Segment Start: Material to process

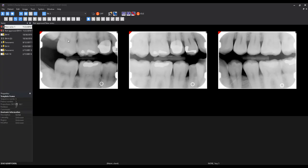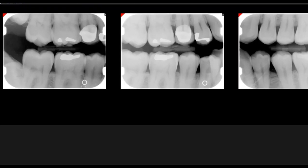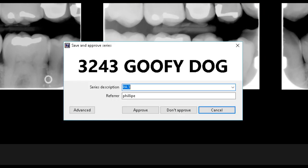When saving a periapical series, it is good practice to add additional information to the series description. This will allow users to identify more easily what is contained in a particular set of images.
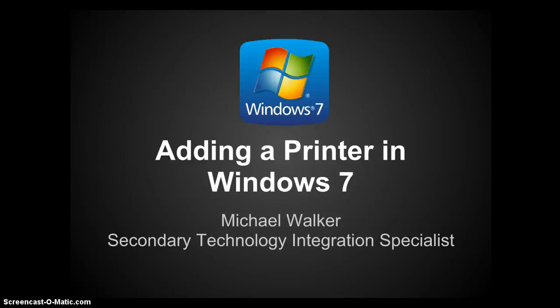Greetings everyone, this is Michael Walker, Secondary Technology Integration Specialist here in Edina, and today I'm going to be showing you how to add a printer in Windows 7.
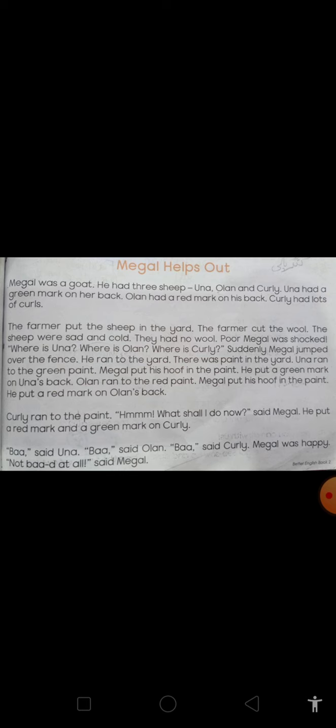There was paint in the yard. Una ran to the green paint. Miegel put his hoof in the paint. He put a green mark on Una's back. Olaan ran to the red paint. Miegel put his hoof in the paint. He put a red mark on Olaan's back. Curly ran to the paint. What shall I do now? said Miegel.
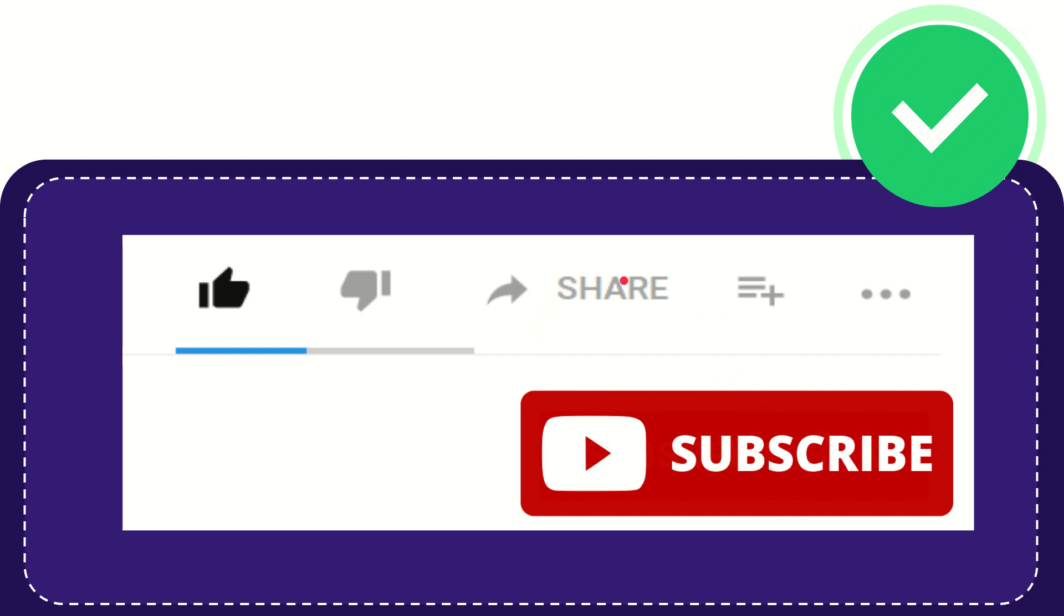I think that's all of it. Thank you so much for watching this video and see you again in another video. Bye-bye, see you again.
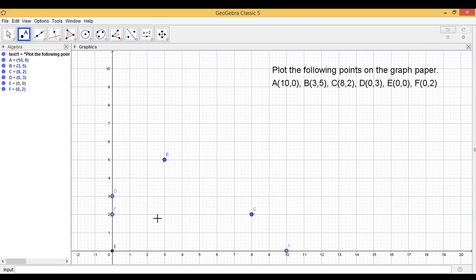See, we have plotted all the points. I hope you have understood. Practice this concept on the graph paper. Bye-bye.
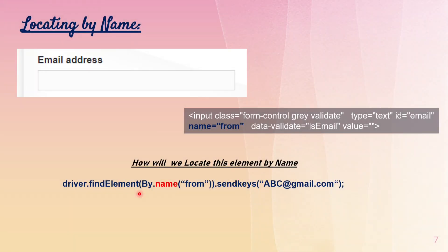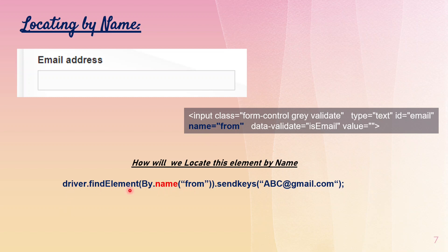The next locator is name. The command is similar to ID, but the key difference is that name locator values are not unique per page — multiple elements can share the same name value, unlike ID. The command would be: driver.findElement(By.name("from")).sendKeys("abc@gmail.com").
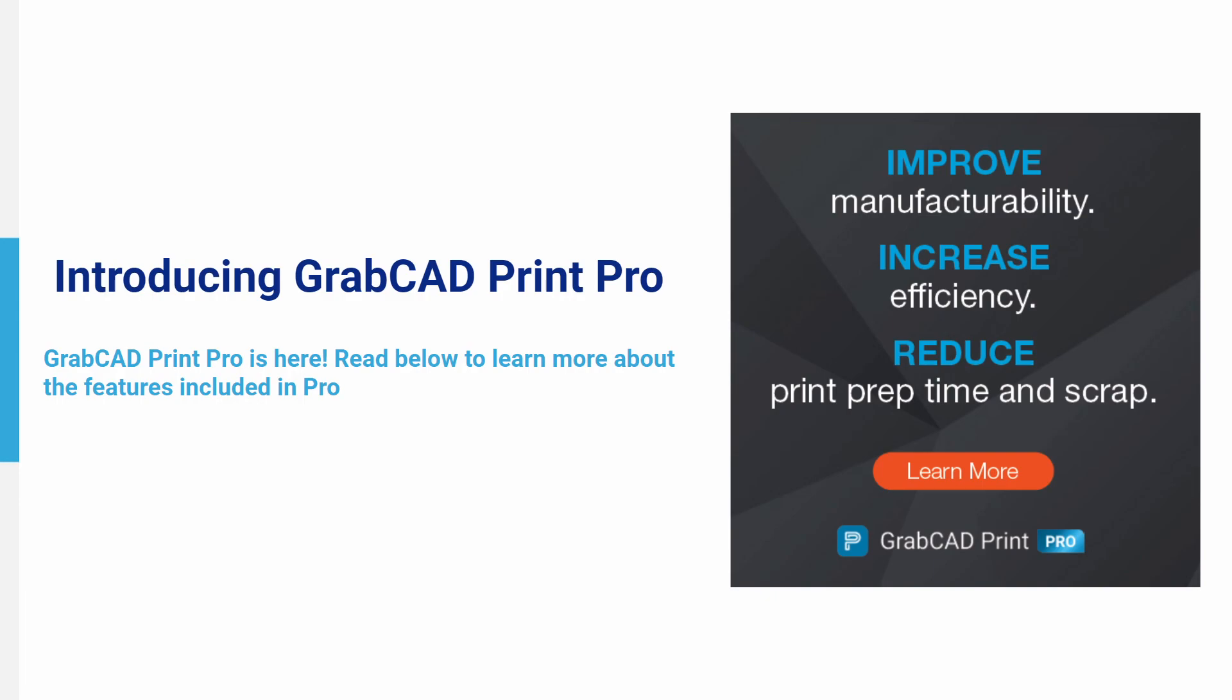Introducing GrabCAD Print Pro. GrabCAD Print Pro is here, and here are the features that are included with Pro. Be sure to request a free trial.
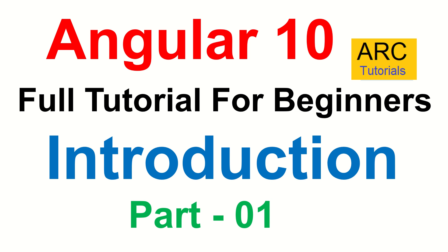Hi friends, welcome back to ARK Tutorials. This is Angular 10 full tutorial for beginners. Today we are going to talk about introduction of Angular for viewers who are joining us new and trying to learn Angular from basic. This is part 1.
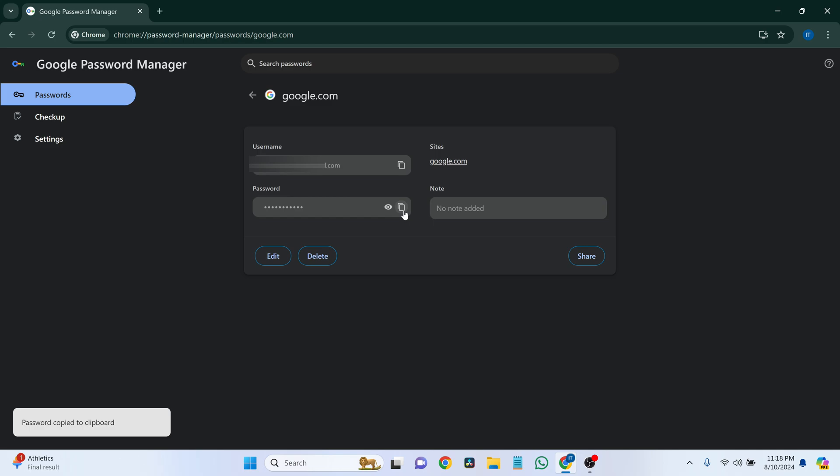You may need to enter your computer's password to view or copy it. That's it!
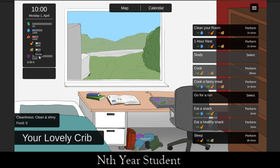Finally, we have our social score, which currently doesn't do that much in the game. The idea is that it's about how social we are — not strictly how many friends we have, but more like how many social resources you have. It'll become more relevant in later iterations of the game. And then we have money.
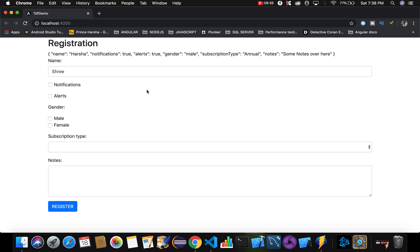By making use of two-way data binding, we tell Angular that whenever we update fields in our form, we want the object to also get updated, and the form fields should be pre-filled with default values. We'll look at how to achieve this with two-way data binding in our next video. Thank you so much for watching — please like, comment, share, and subscribe to the channel to watch more videos.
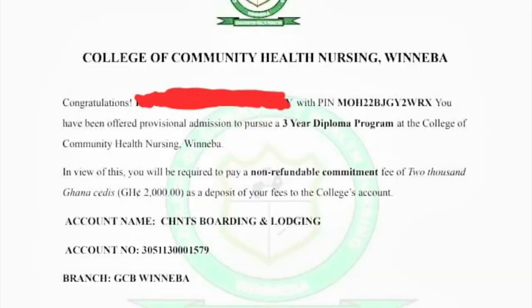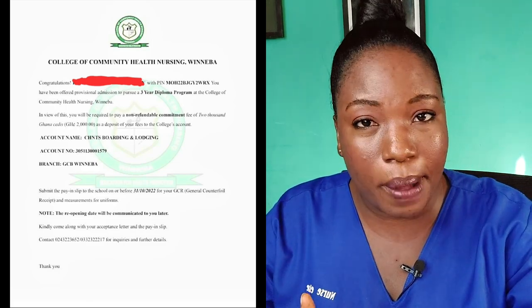Every school decides how they want to receive their payment — either by a banker's draft, a pay-in slip, or using e-pay. If the school wants you to pay via pay-in slip, they'll give you the account number. Like in this message from Winnie Bar, you'll be given the name on the account, the account number, and the branch. When you get to the bank, ask for a deposit slip. You should get at least two or three deposit slips.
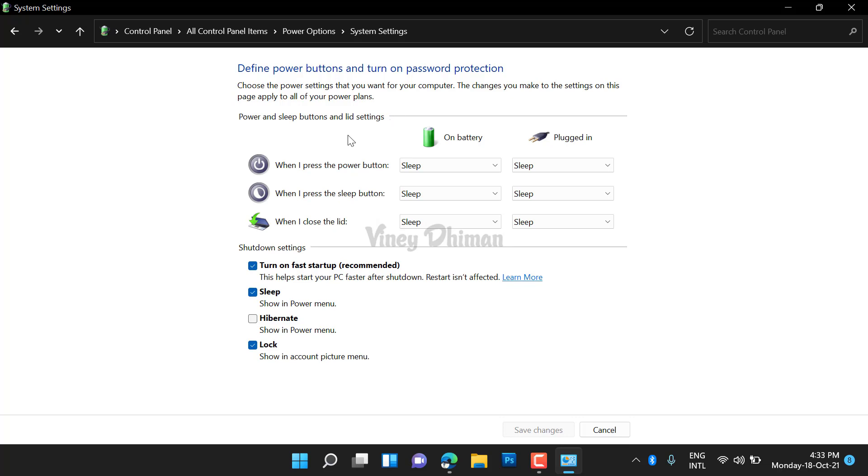On this page, click on 'Change settings that are currently unavailable'. Now head over to the shutdown settings. Here you will find the hibernate option - check the box for hibernate.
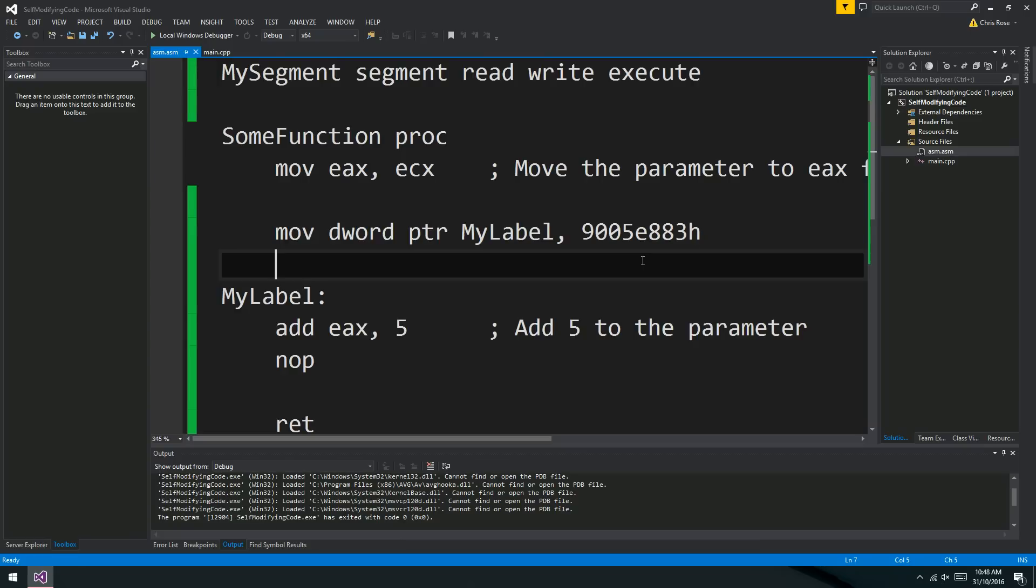It's also good for encrypted code. So if you want to run an algorithm but it's very sensitive, maybe you want to encrypt your code. You don't want to have it available as machine code since it could just be disassembled. So you could encrypt your code and unencrypt it at runtime using self-modifying code.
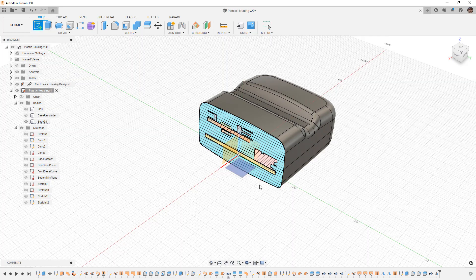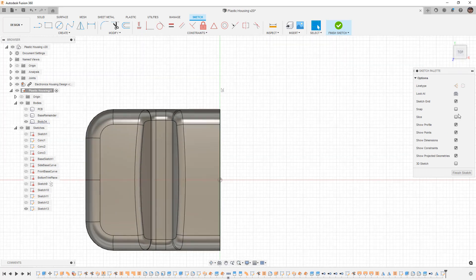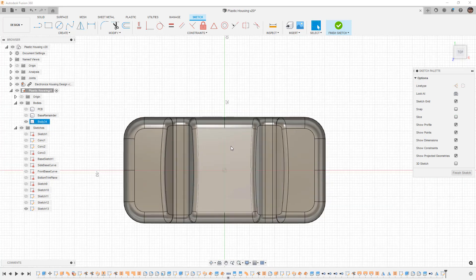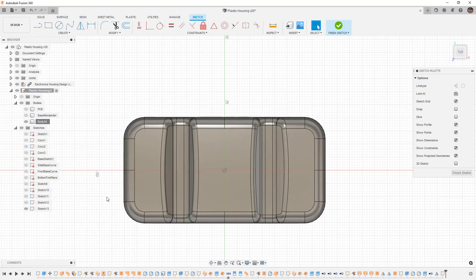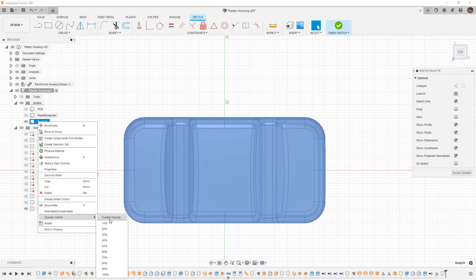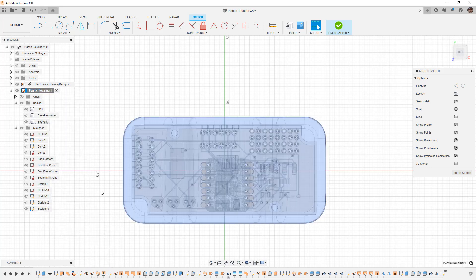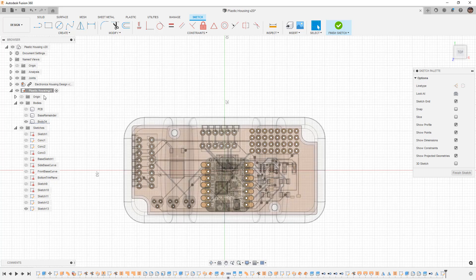When we start a new sketch on the top plane, we also want to make sure we can see through. If we use slice, we're not able to see anything because the USB-C connector is not on our sketch plane. One thing we can do is change the opacity of the solid body — right-click, go to opacity control, and kick it down a bit lower — but you'll notice that it doesn't actually work when we're inside this component. So if we go back to opacity control, set it to 100%, and try this again at the very top level, say 30%, now you can see down through. Sometimes when we're editing a specific body in a component, we have to take the entire component and change the opacity.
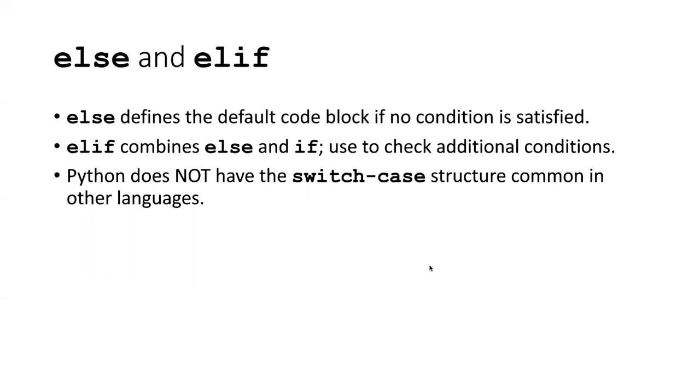If we use an if statement by itself, that's a rather limited way to control the flow of our program because oftentimes we want the program to do one thing if the condition is true, but we want it to do something else if the condition is not true. And the else clause is what allows us to do that.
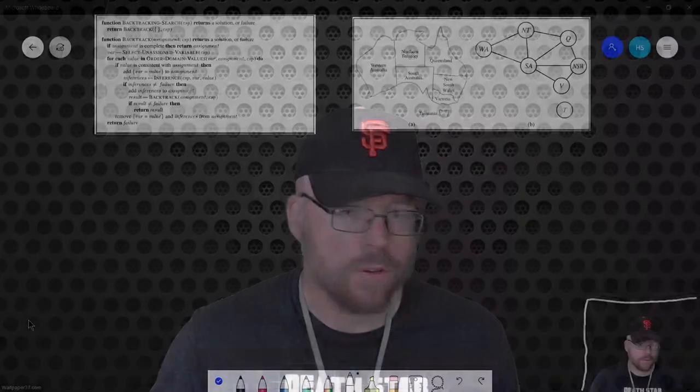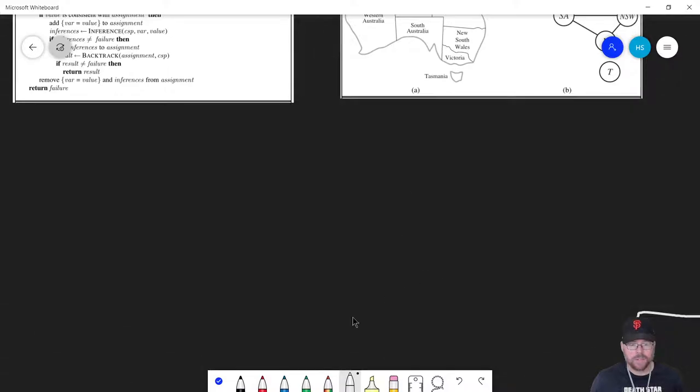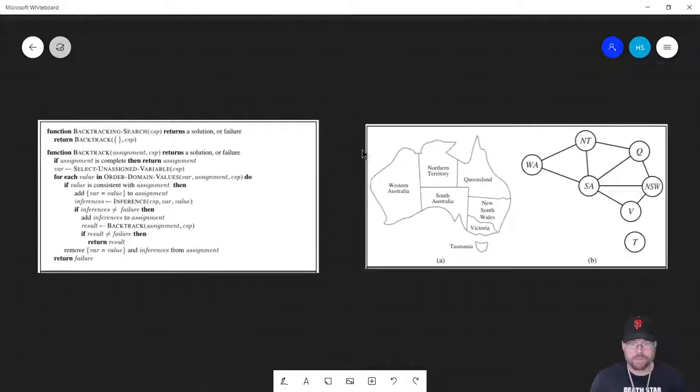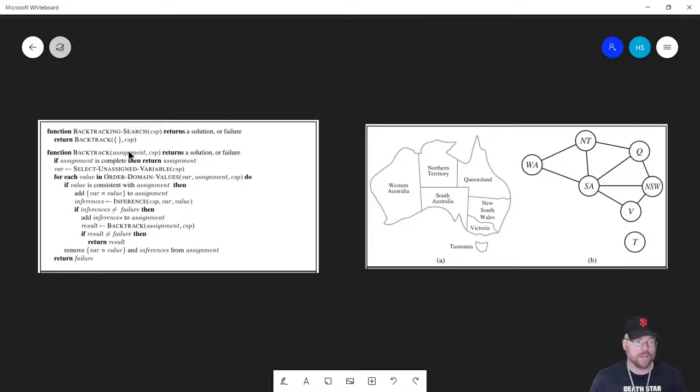The algorithm has pieces that can modify its overall behavior, so in subsequent videos we'll go into details of some of those pieces, but right now to keep this manageable we'll leave those out. Let me bring up my whiteboard — you can see the algorithm in the upper left-hand corner. We'll go through the map coloring problem for Australia.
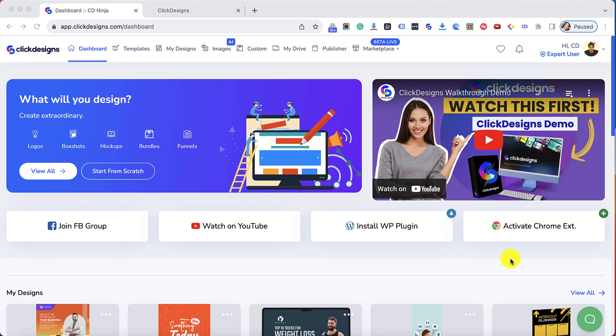Hey Click Designers! We have a brand new integration with Go High Level and in this video I'll show you how you can connect your Go High Level account with your Click Designs account.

Segment End: Material to process

▶ _Assigned task_
Without the pictures, restate all of the entries word for word.

▶ _Your response_
When saving a periapical series, it is good practice to add additional information to the series description. This will allow users to identify more easily what is contained in a particular set of images.
Greetings everyone, this is Michael Walker, Secondary Technology Integration Specialist here in Edina, and today I'm going to be showing you how to add a printer in Windows 7.
There was paint in the yard. Una ran to the green paint. Miegel put his hoof in the paint. He put a green mark on Una's back. Olaan ran to the red paint. Miegel put his hoof in the paint. He put a red mark on Olaan's back. Curly ran to the paint. What shall I do now? said Miegel.
I think that's all of it. Thank you so much for watching this video and see you again in another video. Bye-bye, see you again.
See, we have plotted all the points. I hope you have understood. Practice this concept on the graph paper. Bye-bye.
The next locator is name. The command is similar to ID, but the key difference is that name locator values are not unique per page — multiple elements can share the same name value, unlike ID. The command would be: driver.findElement(By.name("from")).sendKeys("abc@gmail.com").
Introducing GrabCAD Print Pro. GrabCAD Print Pro is here, and here are the features that are included with Pro. Be sure to request a free trial.
Hi friends, welcome back to ARK Tutorials. This is Angular 10 full tutorial for beginners. Today we are going to talk about introduction of Angular for viewers who are joining us new and trying to learn Angular from basic. This is part 1.
You may need to enter your computer's password to view or copy it. That's it!
Finally, we have our social score, which currently doesn't do that much in the game. The idea is that it's about how social we are — not strictly how many friends we have, but more like how many social resources you have. It'll become more relevant in later iterations of the game. And then we have money.
By making use of two-way data binding, we tell Angular that whenever we update fields in our form, we want the object to also get updated, and the form fields should be pre-filled with default values. We'll look at how to achieve this with two-way data binding in our next video. Thank you so much for watching — please like, comment, share, and subscribe to the channel to watch more videos.
Every school decides how they want to receive their payment — either by a banker's draft, a pay-in slip, or using e-pay. If the school wants you to pay via pay-in slip, they'll give you the account number. Like in this message from Winnie Bar, you'll be given the name on the account, the account number, and the branch. When you get to the bank, ask for a deposit slip. You should get at least two or three deposit slips.
On this page, click on 'Change settings that are currently unavailable'. Now head over to the shutdown settings. Here you will find the hibernate option - check the box for hibernate.
It's also good for encrypted code. So if you want to run an algorithm but it's very sensitive, maybe you want to encrypt your code. You don't want to have it available as machine code since it could just be disassembled. So you could encrypt your code and unencrypt it at runtime using self-modifying code.
When we start a new sketch on the top plane, we also want to make sure we can see through. If we use slice, we're not able to see anything because the USB-C connector is not on our sketch plane. One thing we can do is change the opacity of the solid body — right-click, go to opacity control, and kick it down a bit lower — but you'll notice that it doesn't actually work when we're inside this component. So if we go back to opacity control, set it to 100%, and try this again at the very top level, say 30%, now you can see down through. Sometimes when we're editing a specific body in a component, we have to take the entire component and change the opacity.
If we use an if statement by itself, that's a rather limited way to control the flow of our program because oftentimes we want the program to do one thing if the condition is true, but we want it to do something else if the condition is not true. And the else clause is what allows us to do that.
The algorithm has pieces that can modify its overall behavior, so in subsequent videos we'll go into details of some of those pieces, but right now to keep this manageable we'll leave those out. Let me bring up my whiteboard — you can see the algorithm in the upper left-hand corner. We'll go through the map coloring problem for Australia.
Hey Click Designers! We have a brand new integration with Go High Level and in this video I'll show you how you can connect your Go High Level account with your Click Designs account.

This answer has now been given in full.